Feb 20, 2025 - 07:35
 0
Deciding on granularity of SOLID's SRP

I am currently working in a project where we are utilizing kafka as a Message Queue. We have two use cases here, one is to consume the messages in parallel, no ordering of any kind required. And one is to have ordering based on partitioning key provided during producing the message.

In kafka, one partition key will always go to the same partition. Multiple partition keys might go to the same partition as well.

But, we do not want to block processing of a message with a different partition key which is present on the same partition as other messages with different partition keys.

With this context, we have written two implementations of our kafka consumer. One will process the messages in parallel, without worrying about the order, and one will process the messages sequentially per partition key.

Now, I have created an abstract class for kafka consumer, which does not know whether to process the messages in parallel or sequential of whatever strategy. It just has all the configurations that are required for a consumer to start, and it has 4 methods, poll, consume, commit and waitOptionally, that it calls and implements.

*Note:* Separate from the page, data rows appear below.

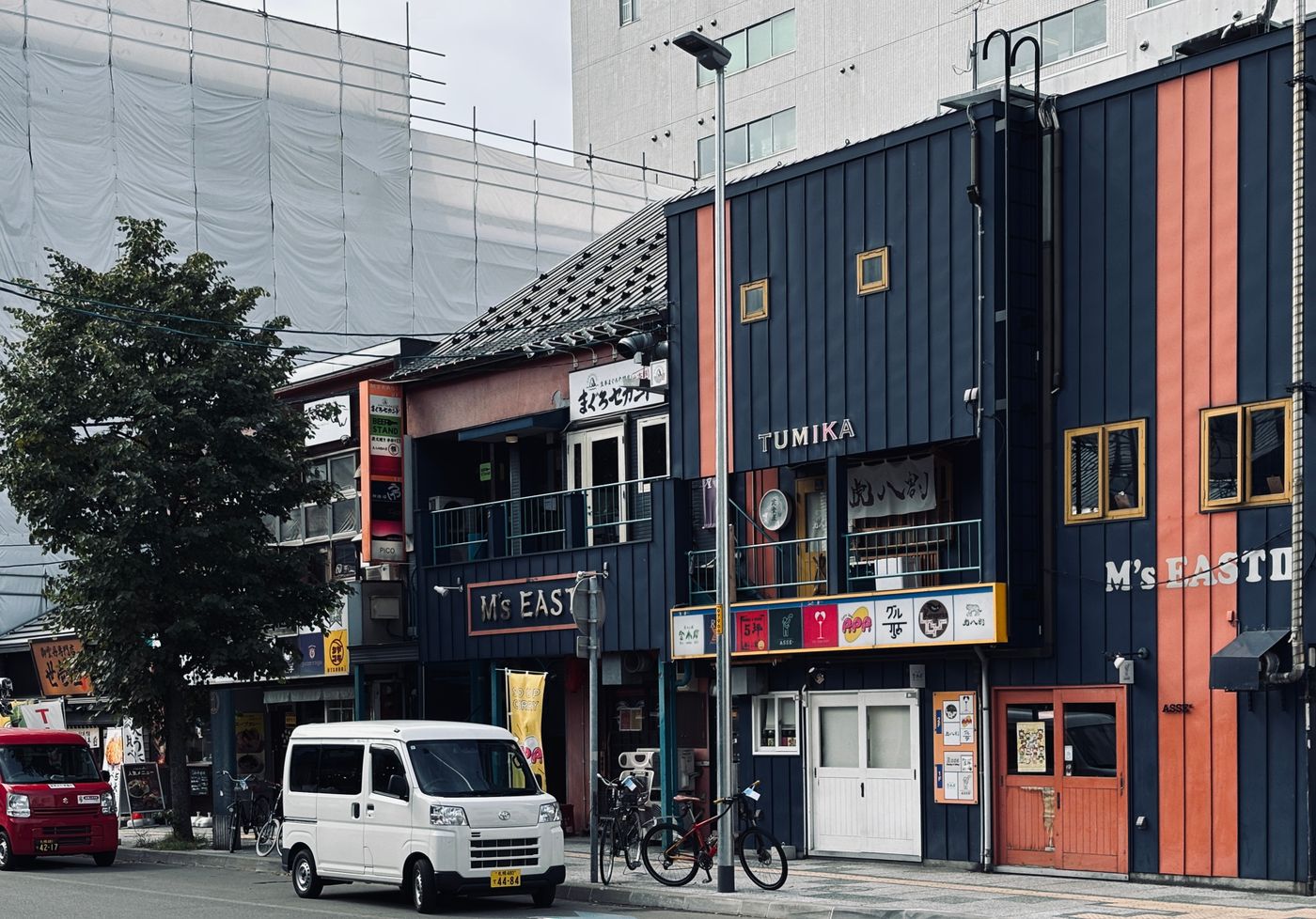 Vibrant buildings and urban street in Sapporo, Japan showcasing local architecture and city life.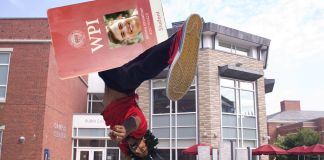 Giant student ID is spun in a sign-twirling fashion outside the CC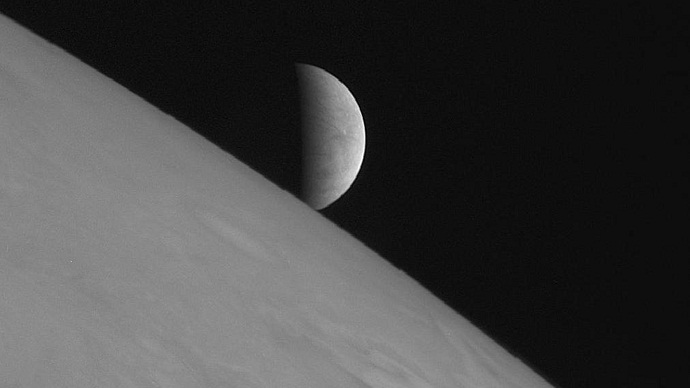 New Horizons took this image of the icy moon Europa rising above Jupiter's cloud tops after the spacecraft's closest approach to Jupiter (Image by Reuters/NASA)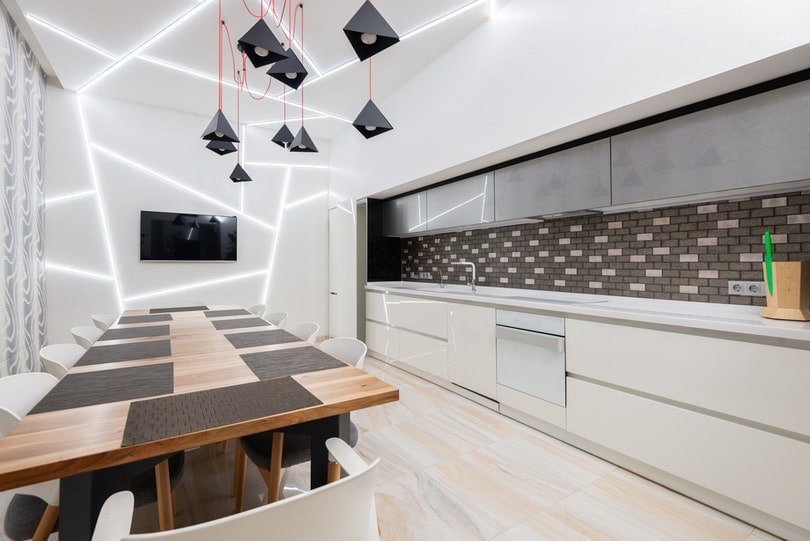 spacious light kitchen with dining table and modern furniture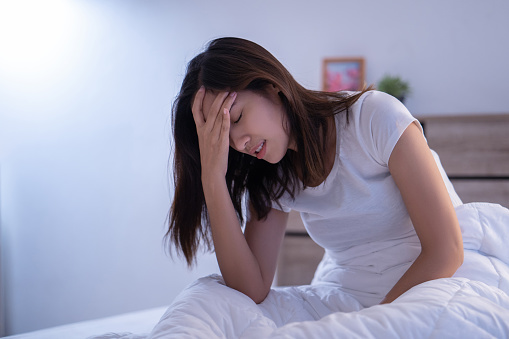 Why do some people get headaches if they have naps during the day?
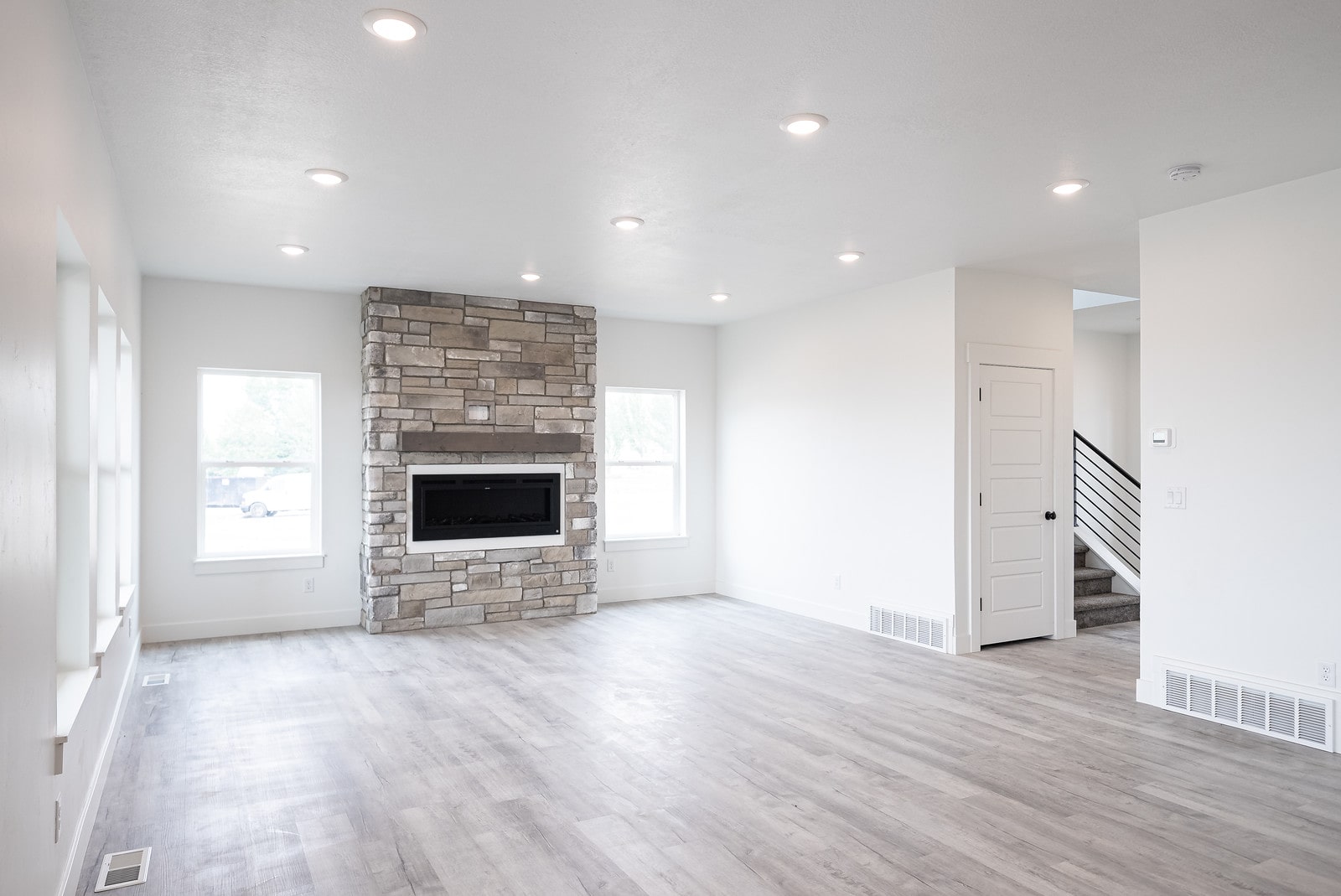 Unfurnished living room with light wood-style flooring, a fireplace, and recessed lighting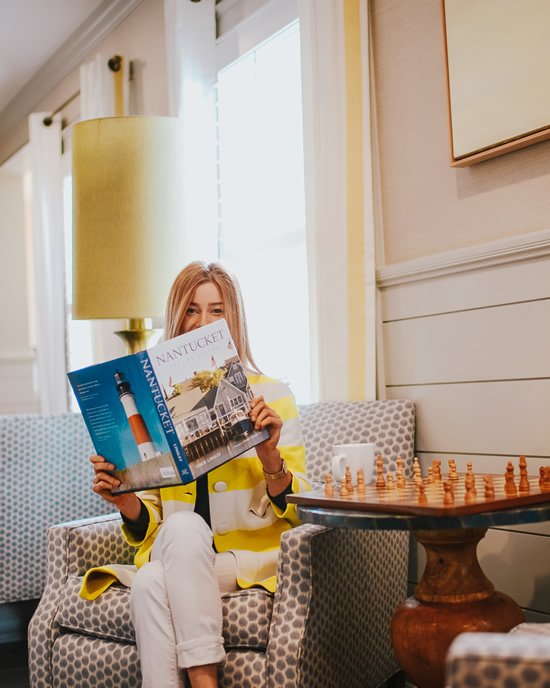 Woman Guest Sitting & Reading a Nantucket Book in The Nantucket Hotel's Lobby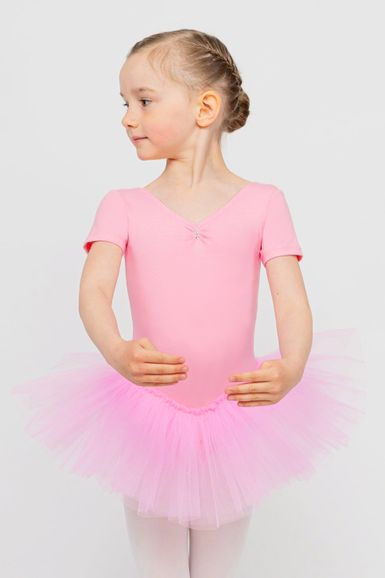 Ein junges Mädchen in einem rosa Ballett-Outfit steht in einer Ballettposition und blickt zur Seite.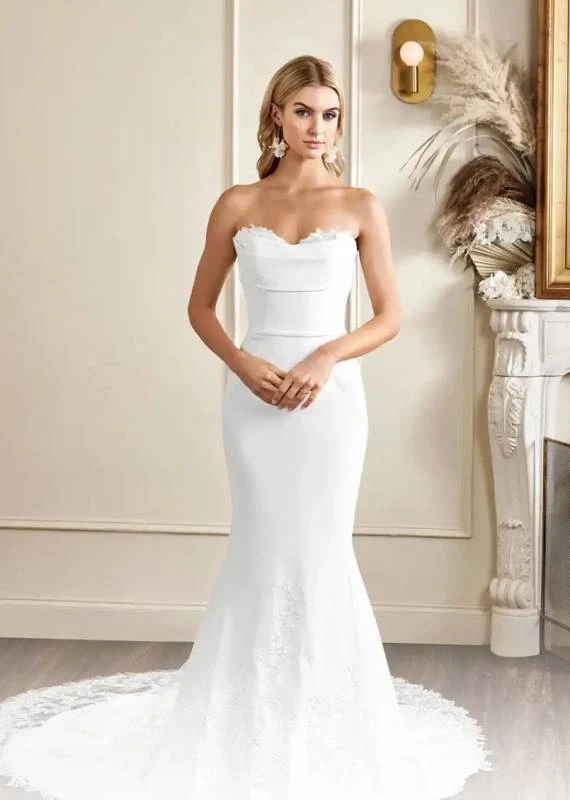 Model wearing a white Kelly Faetanini Gown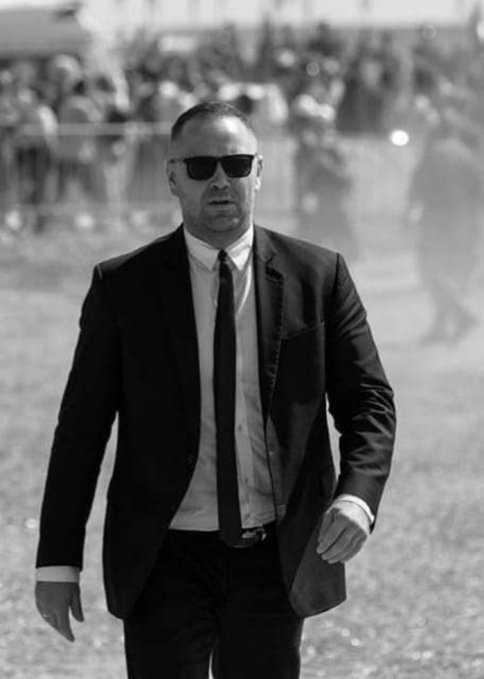 Black and white photograph of a middle-aged man with short hair, wearing sunglasses, a dark suit, white shirt, and black tie, walking outdoors toward the camera with a serious expression; blurred background shows a crowd of people behind metal barriers, security personnel, and event lighting, suggesting a public rally or march.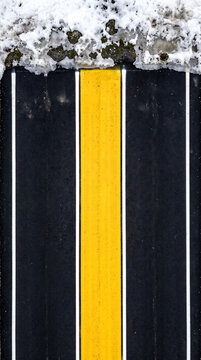 Yellow Road Marking with Snow Accumulation on Top of Asphalt Lane
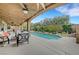 Relaxing covered patio area overlooking a pristine pool and meticulously landscaped backyard at 3723 Robin Knot Ct, North Las Vegas, NV 89084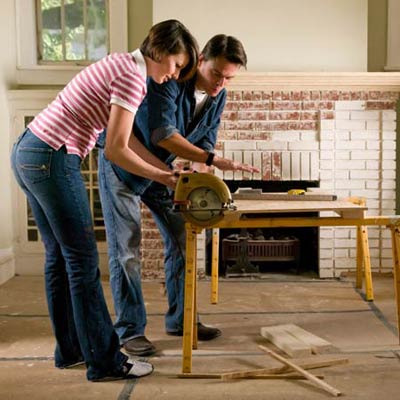 contractor explaining something to woman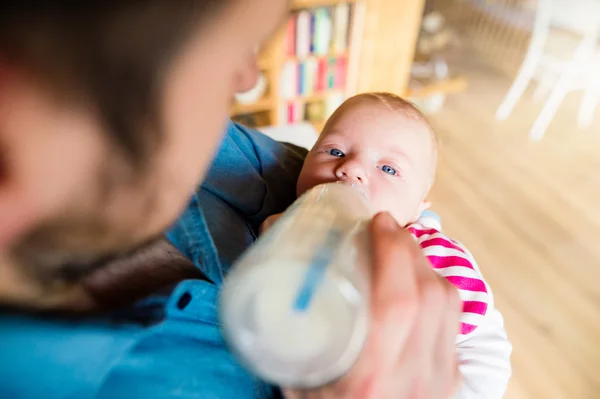 Junger Vater trägt und füttert seinen neugeborenen Sohn — Stockfoto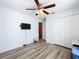 Bright bedroom with ceiling fan, vinyl flooring, and closet at 519 Sandstone St, Lakeland, FL 33809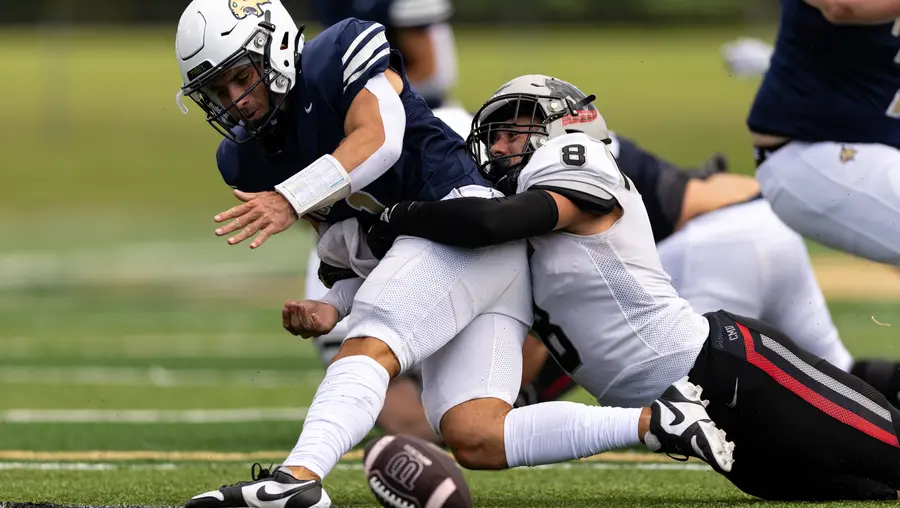 Robert Coury tackles a player.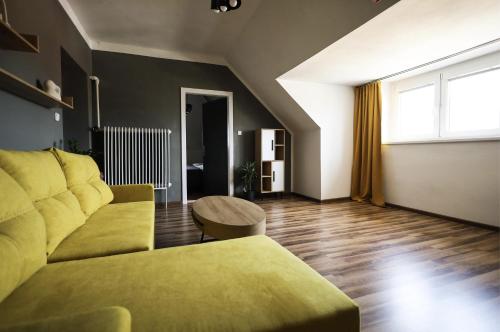 een woonkamer met een gele bank en een tafel bij Vila Benetton in Svitavy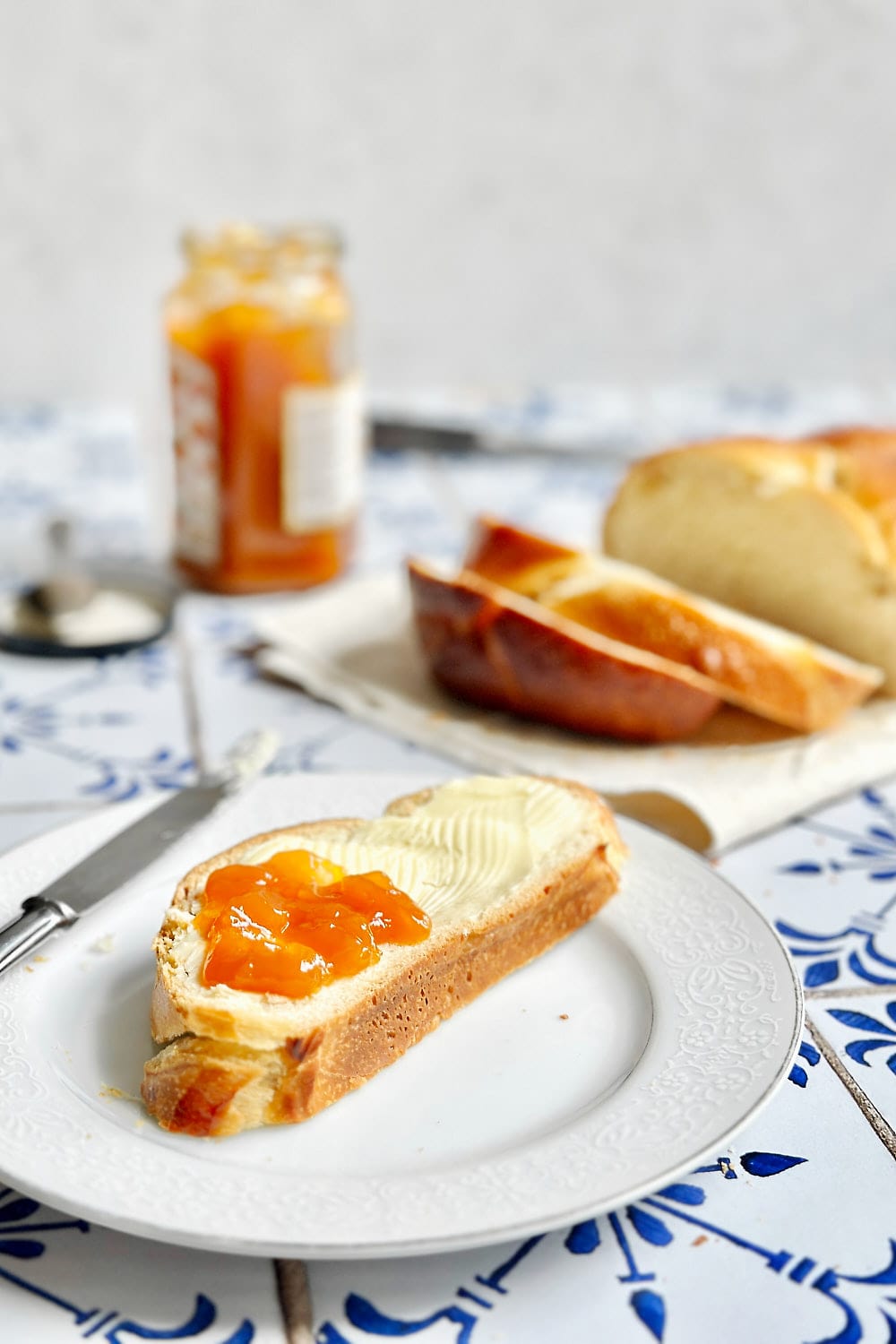 A slice of soft and sweet sourdough bread with butter and apricot jam.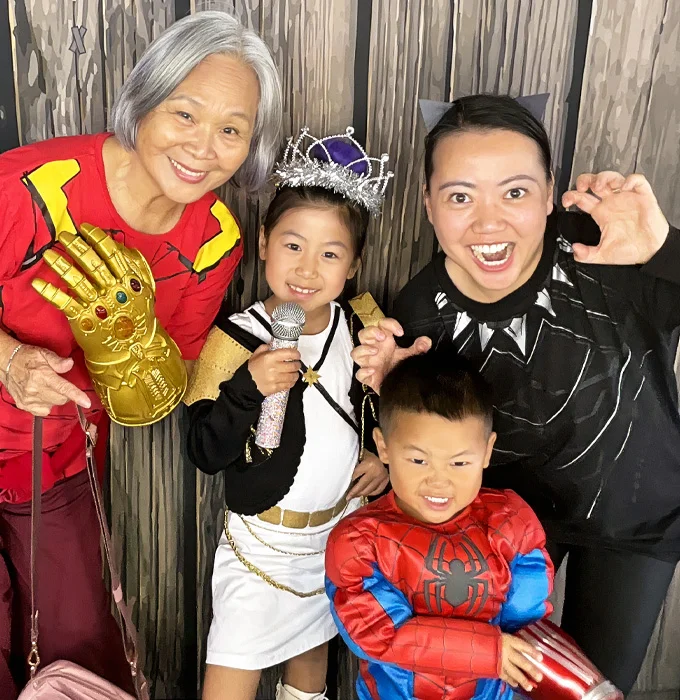 family posing in photo booth at school event in Gardena California with fun props and costumes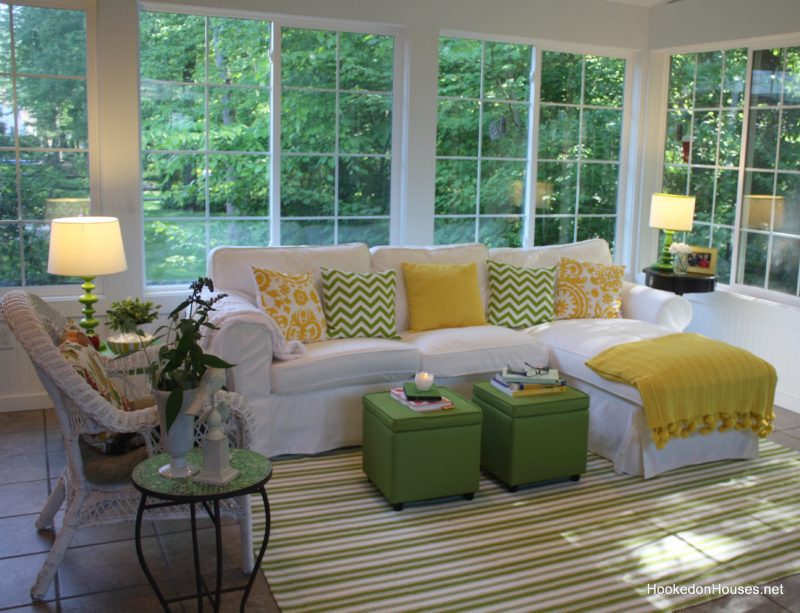 My sunroom decorated with green and yellow and Ektorp sofa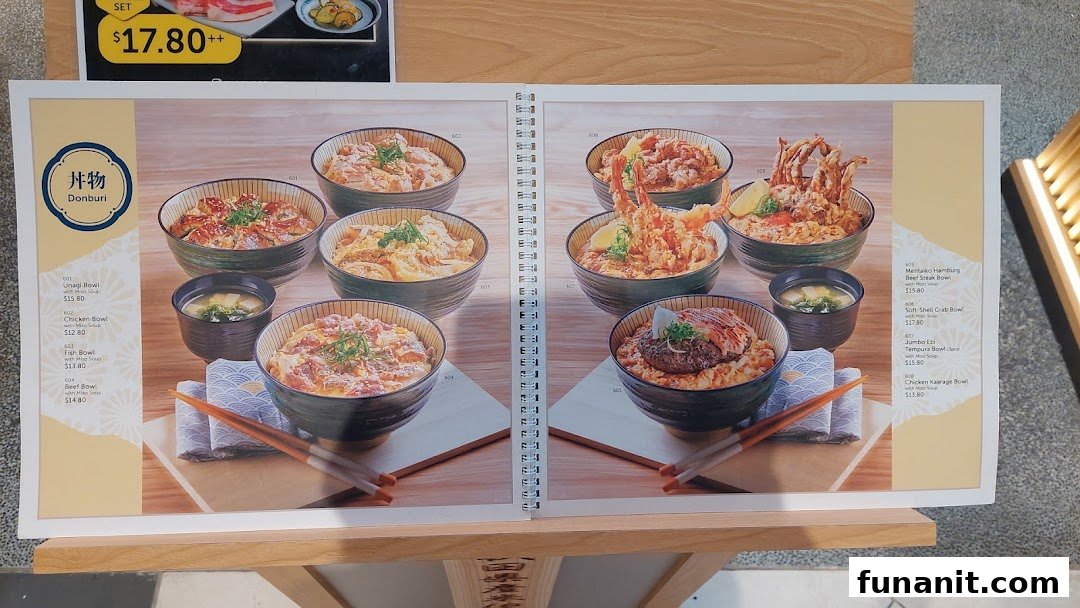 A menu display showcasing various Japanese Donburi rice bowls with different toppings.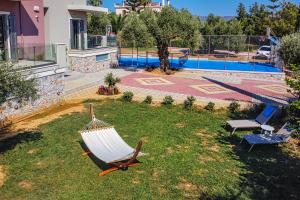 a hammock in the yard of a house with a pool at Cypress Village - Lux villa 5' from beach in Daratso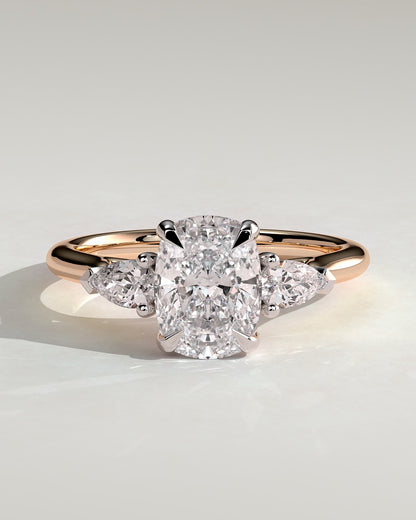 Cataleya - Elongated Cushion Claw Trilogy with Pear Side Stones and Cathedral Setting Engagement Ring - Rose Two-Tone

Now, this abstract class will have two implementations, one for processing the messages in parallel, where the implementation will override consume, commit and waitOptionally. One will be sequential processing per partition key, which will again override consume, commit and waitOptionally. poll remains same in both the implementations, and it's already there in abstract kafka consumer.

Approach 1

In this approach, I'm defining boolean auto commit in my abstract class, and my implementation defines it. Sequential will return false and Parallel will return true. Based on this flag, I have written the logic in abstract kafka consumer class. So, commit implementation is not there in implementation classes, consume and waitOptionally is implemented by implementation classes.

Approach 2

In this approach, I've defined abstract methods consume, commit and waitOptionally and implemented them in both of my implementation classes.

Approach 3

This is similar to above approach, but I've further extracted out commit and consume logic in different classes (with abstractions) and made them as composition to my Sequential class. This is done with having 1 more level of granularity in mind with respect to SOLID's SRP, so that if commit logic changes, only commit class will change, and no other code needs to change with it. In this logic, only sequential class will be aware of these compositions, as only Sequential will be using it, and abstract and parallel class will have no knowledge of these abstractions.

Approach 4

In this approach, I don't have any abstractions. Just 1 KafkaConsumer class which takes strategies as it's constructor parameters. pollStrategy, commitStrategy, consumeStrategy, waitOptionallyStrategy. And my clients can pass in whatever strategies they want to plug and play with. All the strategies will be an interface with multiple implementations and any implementation can be passed in by the client.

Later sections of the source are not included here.